The ongoing slowdown in corn plantings is not necessarily supportive of the soybean price outlook, since acreage that does not get planted to corn will probably go into beans. However, spillover strength from the corn pit apparently boosted soybean futures Monday, as did persistently tight old crop supplies here in the U.S. Talk of strong Chinese demand for old-crop American beans also supported futures Monday night. May soybeans jumped 13.25 cents to $14.85/bushel in pre-dawn Tuesday trading, while May soyoil bounced 0.09 cents to 49.55 cents/pound and May soybean meal added $5.0 to $436.4/ton.

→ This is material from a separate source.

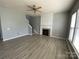 Bright living room with a fireplace, ceiling fan, and wood flooring at 10901 Claude Freeman Dr, Charlotte, NC 28262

Bullish spillover from the corn market as well as talk of frost damage to the winter wheat crop and badly delayed spring wheat plantings boosted the wheat markets substantially Monday. Futures could see more of the same today, especially if the ongoing Wheat Quality Council tour confirms recent frost damage. However, news that the Indian government may be willing to lower its asking price in order to push 5.0 million tonnes of its huge domestic stockpile onto the global market seemed to stifle rally attempts in early Tuesday trading. May CBOT wheat futures were unchanged at $7.0975/bushel in the early hours of Tuesday morning, while May KCBT wheat climbed 3.75 cents to $7.845, whereas May MGE futures were also unchanged at $8.3175.
Cattle futures ended Monday narrowly mixed, then did little better overnight. The lack of concerted gains has to be disappointing bulls, since they continue anticipating a sizeable early-May surge in cash cattle and wholesale beef prices. Beef cutout values did jump Monday, so the lack of bullish follow-through at the CME is rather worrying. June cattle edged just 0.10 cents higher to 122.65 cents/pound early Tuesday morning, while December declined 0.05 cents to 128.02. Feeder cattle futures continued their grain-driven decline, with the May contract falling 0.42 cents to 140.00 cents/pound overnight and August tumbling 0.52 cents to 149.35.
Hog traders also had to be disappointed by the Monday CME performance, when swine futures dipped despite supportive cash and wholesale developments. Chicago prices were mixed to higher Monday night. The fact that the spring and summer contracts are already trading at substantial premiums over cash values probably explains bullish struggles to push them even higher. May hog futures gained 0.20 cents to 89.50 cents/pound in early Tuesday morning action, while the June contract inched up 0.15 cents to 92.30.